- WORK ORDER -
In the records below, repeat word for word only the lines starting at the one that contains "Porto Alegre, RS, Brasil, 10/04/2025" and ending at the one that contains "Színes bőr tálca", pictures excluded.

- DATA RECORDS -
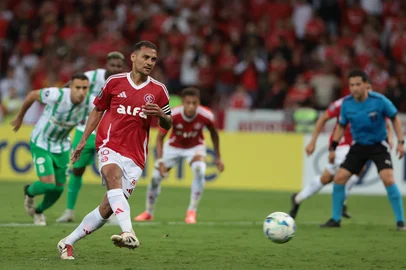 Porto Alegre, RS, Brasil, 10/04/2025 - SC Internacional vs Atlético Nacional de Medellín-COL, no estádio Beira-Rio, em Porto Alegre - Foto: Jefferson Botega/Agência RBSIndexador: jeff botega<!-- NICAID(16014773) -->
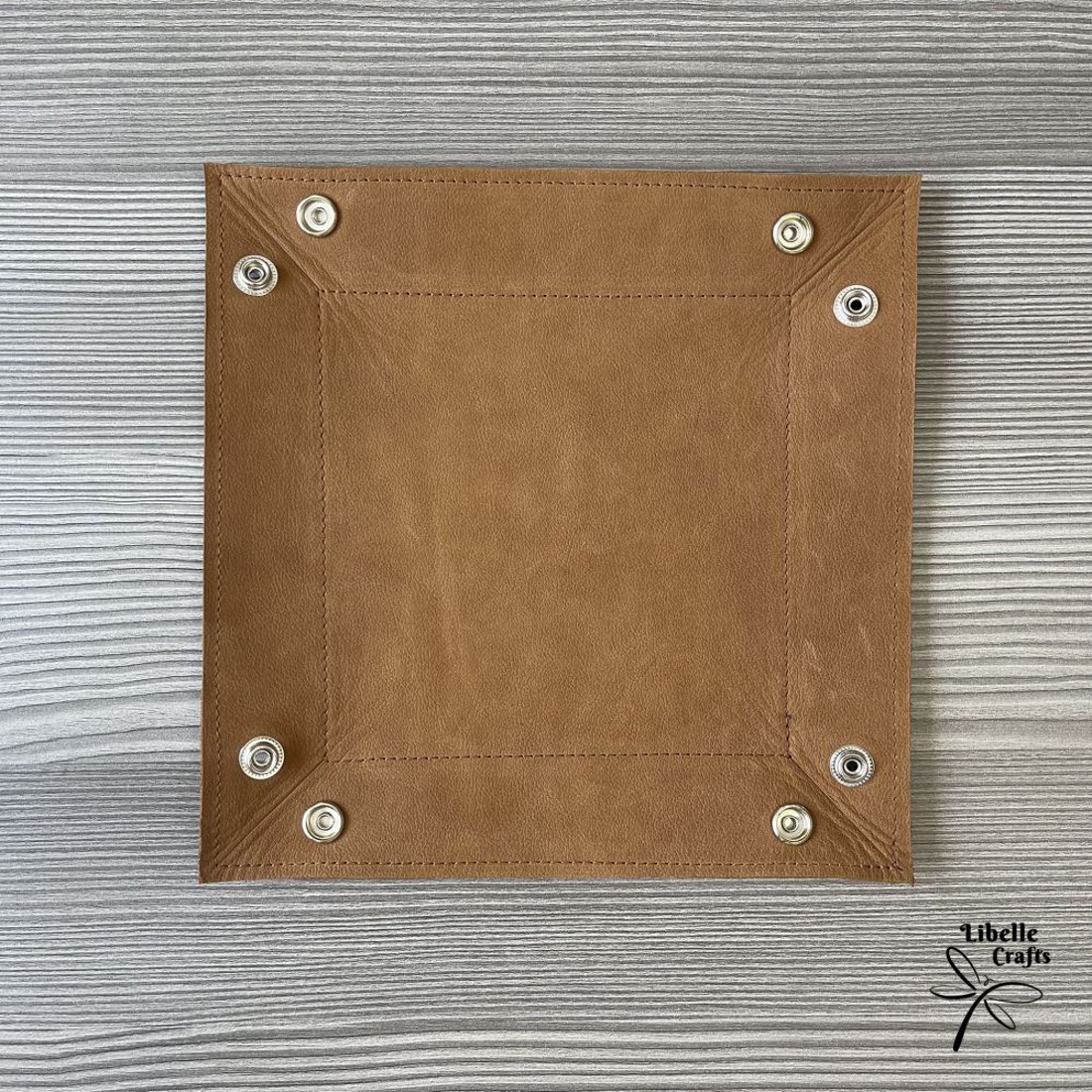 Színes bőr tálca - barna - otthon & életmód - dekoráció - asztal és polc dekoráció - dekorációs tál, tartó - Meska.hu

* * *

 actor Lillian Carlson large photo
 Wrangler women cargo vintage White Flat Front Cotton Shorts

--

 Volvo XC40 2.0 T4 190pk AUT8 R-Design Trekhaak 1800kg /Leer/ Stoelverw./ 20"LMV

- EXPECTED ANSWER -
 Porto Alegre, RS, Brasil, 10/04/2025 - SC Internacional vs Atlético Nacional de Medellín-COL, no estádio Beira-Rio, em Porto Alegre - Foto: Jefferson Botega/Agência RBSIndexador: jeff botega<!-- NICAID(16014773) -->
 Színes bőr tálca - barna - otthon & életmód - dekoráció - asztal és polc dekoráció - dekorációs tál, tartó - Meska.hu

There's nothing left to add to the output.